25 Years Ago | 50 Years Ago | 75 Years Ago | 100 Years Ago

25 years ago: Thousands of demonstrators confront East German police

On October 9, 1989, the streets and squares of East Berlin, Dresden and Leipzig and other East German cities were the scene of demonstrations by thousands against the ruling Stalinist bureaucracy. The previous evening, Security forces in East Berlin broke up a peaceful candlelight protest that called on the regime to make democratic reforms. Police beat protesters with truncheons while demonstrators chanted, “No violence, no violence!”

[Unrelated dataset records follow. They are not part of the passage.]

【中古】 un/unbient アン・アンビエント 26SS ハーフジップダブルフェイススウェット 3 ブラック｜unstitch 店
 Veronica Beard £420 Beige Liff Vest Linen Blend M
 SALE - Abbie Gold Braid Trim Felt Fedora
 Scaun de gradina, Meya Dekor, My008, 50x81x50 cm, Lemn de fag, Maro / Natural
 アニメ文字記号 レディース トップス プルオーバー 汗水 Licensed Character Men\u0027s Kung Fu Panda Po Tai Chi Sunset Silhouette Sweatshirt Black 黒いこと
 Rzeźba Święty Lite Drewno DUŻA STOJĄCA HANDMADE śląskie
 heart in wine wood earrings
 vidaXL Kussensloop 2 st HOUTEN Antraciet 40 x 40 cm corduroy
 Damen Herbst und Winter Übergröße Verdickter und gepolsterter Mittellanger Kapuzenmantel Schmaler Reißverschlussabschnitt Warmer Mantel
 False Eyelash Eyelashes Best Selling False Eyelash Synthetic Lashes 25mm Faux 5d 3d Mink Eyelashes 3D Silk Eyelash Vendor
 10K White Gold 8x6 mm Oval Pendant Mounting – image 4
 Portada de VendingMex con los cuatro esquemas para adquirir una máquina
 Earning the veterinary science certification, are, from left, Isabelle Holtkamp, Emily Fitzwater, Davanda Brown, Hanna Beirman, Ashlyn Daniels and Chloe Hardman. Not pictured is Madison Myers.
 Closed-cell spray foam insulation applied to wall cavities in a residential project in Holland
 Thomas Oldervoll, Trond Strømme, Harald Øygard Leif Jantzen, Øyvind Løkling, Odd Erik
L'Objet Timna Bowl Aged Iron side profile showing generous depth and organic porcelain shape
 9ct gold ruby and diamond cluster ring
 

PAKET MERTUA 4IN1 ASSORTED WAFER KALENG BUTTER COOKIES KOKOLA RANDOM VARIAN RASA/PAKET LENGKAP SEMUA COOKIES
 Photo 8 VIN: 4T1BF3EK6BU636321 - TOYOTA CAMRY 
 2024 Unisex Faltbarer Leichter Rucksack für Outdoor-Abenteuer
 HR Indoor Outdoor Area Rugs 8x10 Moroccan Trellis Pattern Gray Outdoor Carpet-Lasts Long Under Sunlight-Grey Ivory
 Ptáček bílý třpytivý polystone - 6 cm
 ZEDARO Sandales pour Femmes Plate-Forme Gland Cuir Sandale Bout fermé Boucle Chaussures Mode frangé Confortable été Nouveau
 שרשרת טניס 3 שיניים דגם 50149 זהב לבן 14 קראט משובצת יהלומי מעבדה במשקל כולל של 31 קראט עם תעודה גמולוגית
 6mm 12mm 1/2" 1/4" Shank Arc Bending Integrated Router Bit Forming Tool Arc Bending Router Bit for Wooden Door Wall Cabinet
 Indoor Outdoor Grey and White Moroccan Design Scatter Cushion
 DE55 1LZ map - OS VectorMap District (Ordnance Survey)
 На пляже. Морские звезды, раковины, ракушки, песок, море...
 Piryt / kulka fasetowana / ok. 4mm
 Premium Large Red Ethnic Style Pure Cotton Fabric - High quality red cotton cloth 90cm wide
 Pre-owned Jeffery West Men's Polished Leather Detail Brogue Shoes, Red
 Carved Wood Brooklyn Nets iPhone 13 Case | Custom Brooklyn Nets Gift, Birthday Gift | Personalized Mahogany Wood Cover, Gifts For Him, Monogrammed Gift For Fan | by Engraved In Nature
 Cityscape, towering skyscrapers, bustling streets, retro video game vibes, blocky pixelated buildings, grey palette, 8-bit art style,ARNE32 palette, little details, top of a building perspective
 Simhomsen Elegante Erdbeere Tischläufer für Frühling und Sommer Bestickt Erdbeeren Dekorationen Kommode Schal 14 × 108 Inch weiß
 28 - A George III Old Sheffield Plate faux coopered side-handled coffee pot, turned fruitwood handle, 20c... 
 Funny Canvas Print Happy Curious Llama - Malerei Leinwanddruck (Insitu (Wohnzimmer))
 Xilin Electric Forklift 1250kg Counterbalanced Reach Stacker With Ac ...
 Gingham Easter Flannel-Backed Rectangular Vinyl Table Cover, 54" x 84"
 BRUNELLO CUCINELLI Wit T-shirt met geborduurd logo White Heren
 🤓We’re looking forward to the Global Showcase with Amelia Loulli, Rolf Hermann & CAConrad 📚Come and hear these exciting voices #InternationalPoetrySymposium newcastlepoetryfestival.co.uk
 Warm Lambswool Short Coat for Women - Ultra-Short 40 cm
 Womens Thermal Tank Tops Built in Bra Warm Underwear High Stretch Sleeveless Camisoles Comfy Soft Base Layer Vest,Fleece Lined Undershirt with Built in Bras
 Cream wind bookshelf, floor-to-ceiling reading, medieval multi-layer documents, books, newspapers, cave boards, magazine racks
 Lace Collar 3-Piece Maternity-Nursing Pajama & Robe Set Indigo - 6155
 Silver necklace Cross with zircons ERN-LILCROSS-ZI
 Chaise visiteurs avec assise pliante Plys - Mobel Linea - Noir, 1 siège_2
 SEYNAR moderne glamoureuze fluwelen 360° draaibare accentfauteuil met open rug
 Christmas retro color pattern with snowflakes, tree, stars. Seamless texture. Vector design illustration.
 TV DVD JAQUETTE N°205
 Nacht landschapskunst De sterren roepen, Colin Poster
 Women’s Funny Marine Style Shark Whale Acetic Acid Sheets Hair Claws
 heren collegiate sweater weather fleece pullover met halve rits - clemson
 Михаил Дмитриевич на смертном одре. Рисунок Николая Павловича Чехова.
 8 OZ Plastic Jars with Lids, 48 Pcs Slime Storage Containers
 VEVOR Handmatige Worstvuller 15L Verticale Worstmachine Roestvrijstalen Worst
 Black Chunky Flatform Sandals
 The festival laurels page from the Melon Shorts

The East German (DDR) regime headed by Erich Honecker was notorious for maintaining the Berlin wall and the deathtraps at the East German border. In the weeks prior to the demonstrations, a mass exodus of East German citizens through Hungary into West Germany created a deep crisis for the regime. This movement became the harbinger of a mass movement inside the DDR against state repression and the worsening economy.

Two thousand baton-wielding police with Alsatian dogs were deployed against an October 8 protest, resulting in the arrest of hundreds and scores of injuries. The next day, popular anger over the state violence against peaceful protesters erupted in demonstrations that lasted for days, across the DDR. Hundreds of thousands took to the streets in all the major cities.

In a panic reaction, hundreds of Stalinist officials were sent into all large factories for on-the-spot discussions in order to appease the workforce and give them hope through a “dialogue” on “all problems.” The bureaucracy rightly feared that the demonstrations on the streets would be followed by mass strikes in the factories.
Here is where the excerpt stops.